The following day, on 10 March 2015, Zimbabwe Lawyers for Human Rights approached the High Court in Harare to request that it order authorities to offer all available resources for the search for Dzamara. On 13 March, the High Court accepted this request, and also ordered authorities to advertise Dzamara's disappearance on state-owned media, as well as to provide weekly updates about the status of the investigation until Dzamara was located. A missing person appeal launched by Dzamara's legal team was published in several local newspapers. The Zimbabwean government suggested that Dzamara had staged the abduction.

On 11 March 2015, a group of protesters demanding Dzamara's release outside the Zimbabwean parliament clashed with police officers, leading to the deployment of tear gas to disperse the protest.

On 1 April 2015, the Irish human rights organisation Front Line Defenders issued a statement accusing the Zimbabwe Republic Police of failing to comply with the High Court's order to search for Dzamara. The ZRP made their first official statement on Dzamara's disappearance in 2018, appealing for information about his whereabouts three years after his disappearance. Following criticism about the timing of the statement, the ZRP subsequently released an additional statement in which it claimed that it had been searching for Dzamara "non-stop" since 2015. In 2024, the ZRP told Voice of America that they were unable to provide any updates concerning the status of the investigation.
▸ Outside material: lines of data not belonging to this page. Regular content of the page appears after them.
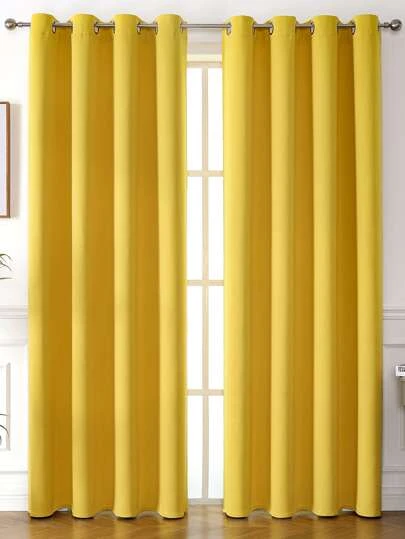 1pc Plain Polyester Blackout Curtain, Can Darken Room During Power Outage, Heat Insulation For Kitchen, Dining Room, Living Room, Bedroom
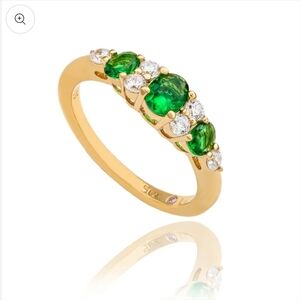 Suzy Levian Yellow Sterling Silver Green White Cubic Zirconia Graduating Ring 7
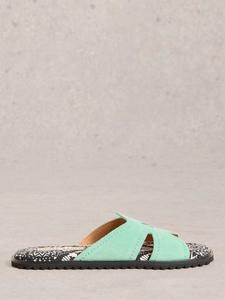 Сандалии с замшевой стелькой в цветочном принте White Stuff, Bright Blue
In 2016, the then-Vice-President of Zimbabwe, Emmerson Mnangagwa, told the United Nations Periodic Review in Geneva that the Zimbabwean government was "actively searching" for Dzamara.

=== National and international response ===
The United States embassy in Zimbabwe called for a "thorough investigation" into Dzamara's disappearance. The European Union expressed its "deep concern" about his welfare.

Amnesty International has stated its belief that Dzamara was forcibly disappeared due to his activism and "outspoken criticism of the government". It has commemorated the fifth, ninth and tenth anniversaries of Dzamara's disappearance with renewed calls for an independent investigation under a judge-led Commission of Inquiry, with its regional director Tigere Chagutah accusing Zimbabwean authorities of failing to make any credible enquiries into establishing Dzamara's whereabouts.

In 2018, a documentary entitled "Where's Itai Dzamara?", detailing his activism and abduction, was broadcast on the BBC World Service.

Dzamara's wife Sheffra wrote an open letter to Mnangagwa in 2020 calling for his support with searching for her husband, and wrote about the difficulties she was experiencing trying to raise their two children alone. In 2024, she gave an interview with Voice of America in she criticised the "silence" about Dzamara's disappearance within Zimbabwe.

In 2023, to mark the eighth anniversary of Dzamara's disappearance, the Zimbabwe Human Rights Association released a statement commemorating him, and reiterated its calls for authorities to acknowledge publicly their role in Dzamara's disappearance.

In 2026, to mark the eleventh anniversary of Dzamara's death, Amnesty International Zimbabwe said that his family had experienced "years of anguish" waiting for answers, and called on the government to establish an "independent, judge-led commission of inquiry" to investigate his abduction. Zimbabwe Lawyers for Human Rights similarly called on Zimbabwean authorities to make "more efforts" to establish what happened to Dzamara.